Em Agosto, fui informado pelo Facebook que havia ficado noivo da Tânia há 35 anos. Não houve exatamente um pedido de noivado, mas (in)formalmente, essa foi a data em que começamos a namorar. Foi tudo muito rápido. Em Maio do ano seguinte, ao décimo terceiro dia, nos casamos, com o testemunho da Romy, há cinco meses no ventre da mãe. O resto é História.

Em Setembro, estreamos a Primavera mais quente que a Humanidade já presenciou, segundo informes climáticos mensurados por institutos do mundo todo. Entre os negacionistas de plantão, não é algo para se preocupar. Alugados pelos donos do jogo, há quem queira negar que estamos à beira do colapso. Gaia está simplesmente reagindo às ameaças de sobrevivência de todas as espécies vivente neste planeta. Não duvido que se o Homem for um empecilho, a Natureza o colocará em seu devido lugar. Sinais não faltam. Enquanto isso, as orquídeas aqui em casa, se sentindo protegidas, continuam a florescer na Estação das Flores.

Parece incrível, mas apenas há um pouco mais de um ano, em Outubro, surgia Alexandre em nossa vida. O rapazinho todo desmilinguido, desnutrido, mais ossos do que carne, um tanto cego pelos olhos anuviados, de tímido que se apresentou, foi se empertigando.
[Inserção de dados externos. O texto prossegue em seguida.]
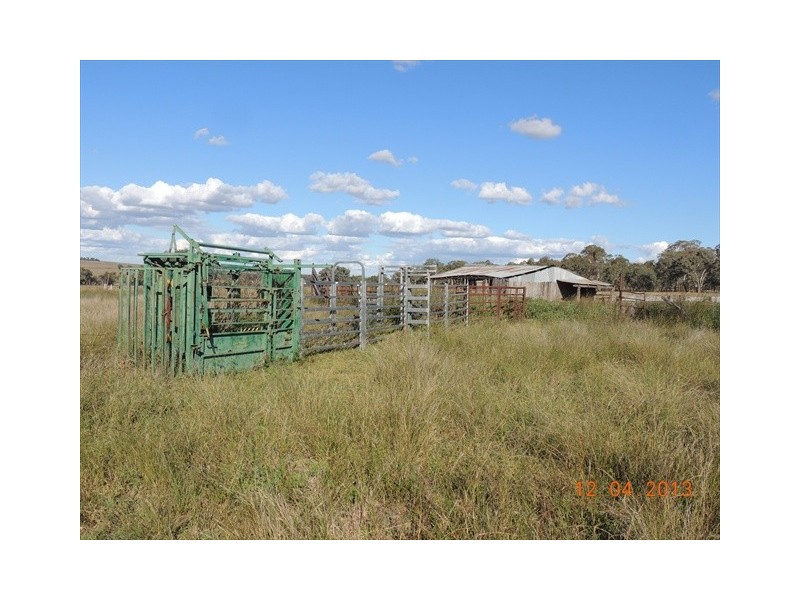 Coonabarabran NSW 2357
Pudemos perceber que se tratava de um exemplar variante de Pinscher, com todas as características que apresentam — corajosos, leais, cheios de energia, curiosos, divertidos — e guardiões, o que deixa a Lívia, que trabalha parte da semana em Home Office, muitas vezes com gana de lhe dar uns tapinhas na bunda seca. Os seus latidos, para quem passa no portão vazado, interfere frequentemente em suas reuniões. Coloca o pessoal com quem fala no modo mudo e grita para o bichinho impertinente: Aleeexaaandreee!
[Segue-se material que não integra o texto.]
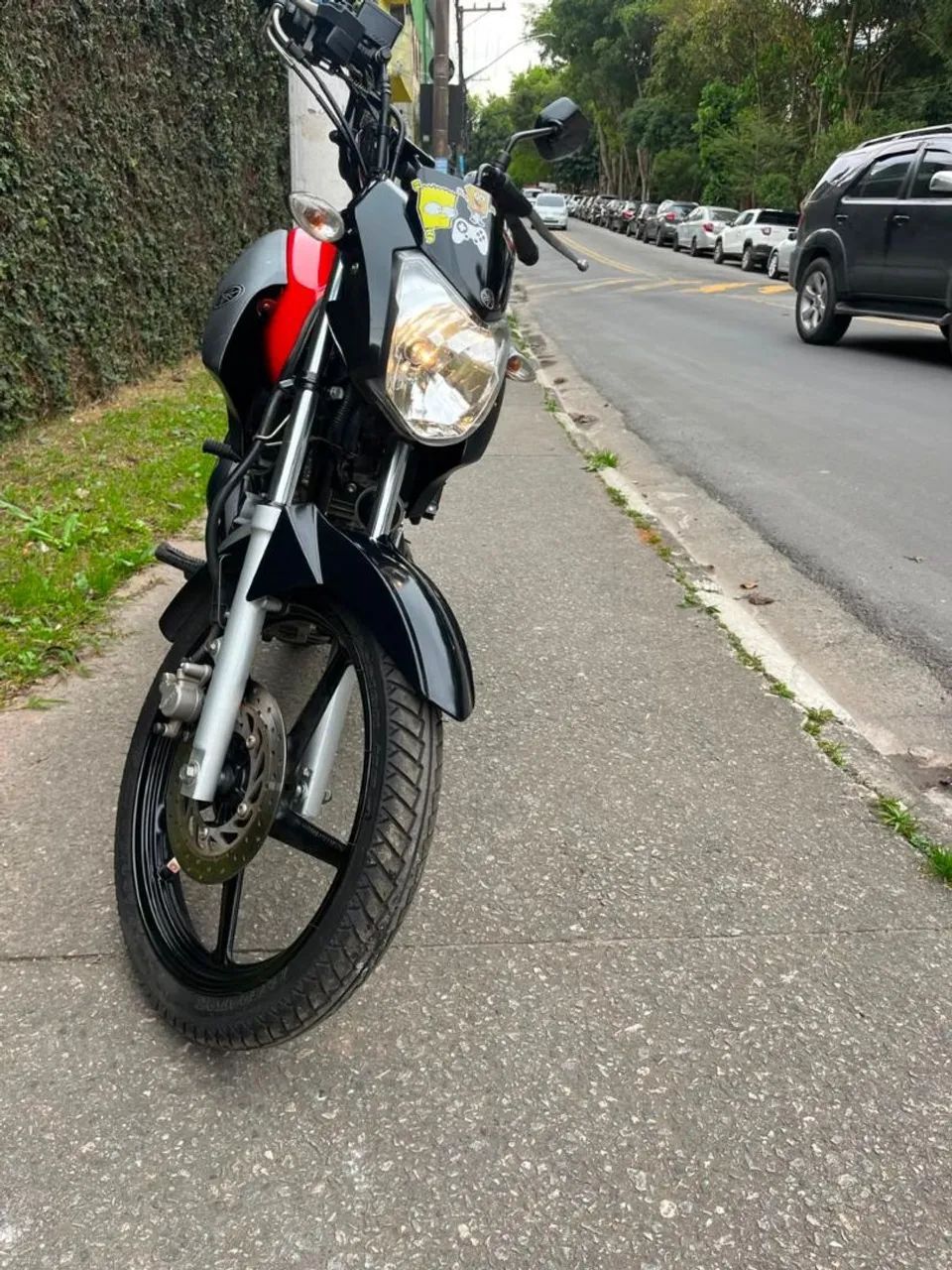 Factor 150cc 2023 - Foto 2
Bem, Novembro foi cheio de aventuras. Mais um fato recorrente marcou o meu mês. A Tigresa nos deixou na mão na subida da Serra do Mar, na volta de nossa casa da praia. E a Tímida, à caminho de Ibiúna, onde faríamos um evento pela Ortega Luz & Som. O que essa torre de caixa d’água teria a ver? Bem ela marca o ponto onde esperamos o caminhão guincho que nos levaria para o local onde conseguimos chegar à tempo para a montagem e a realização da sonorização e a iluminação da banda para festa de temática italiana. Enquanto esperávamos o transporte, fiz algumas imagens para relaxar. Afinal, temos sempre que tentar ver o outro lado da moeda.

Nesta foto, encontramos, além de mim, Marco Antônio Guedes, Lunna Guedes — mentores da Scenarium — e Flávia Côrtes, que veio à São Paulo direto de Salvador, Bahia, para o lançamento do lindo livro de poemas, Correntezas. Dias após, nos encontrarmos no SESC Paulista e posteiormente fomos ao Café da Livraria Cultura, cercado por livros, como gostamos, onde fiz este registro. A baiana mostrou ao vivo a sua verve, animação, lirismo e alegria de viver que podíamos perceber apenas através do virtual. Uma agradável surpresa de Dezembro e do real!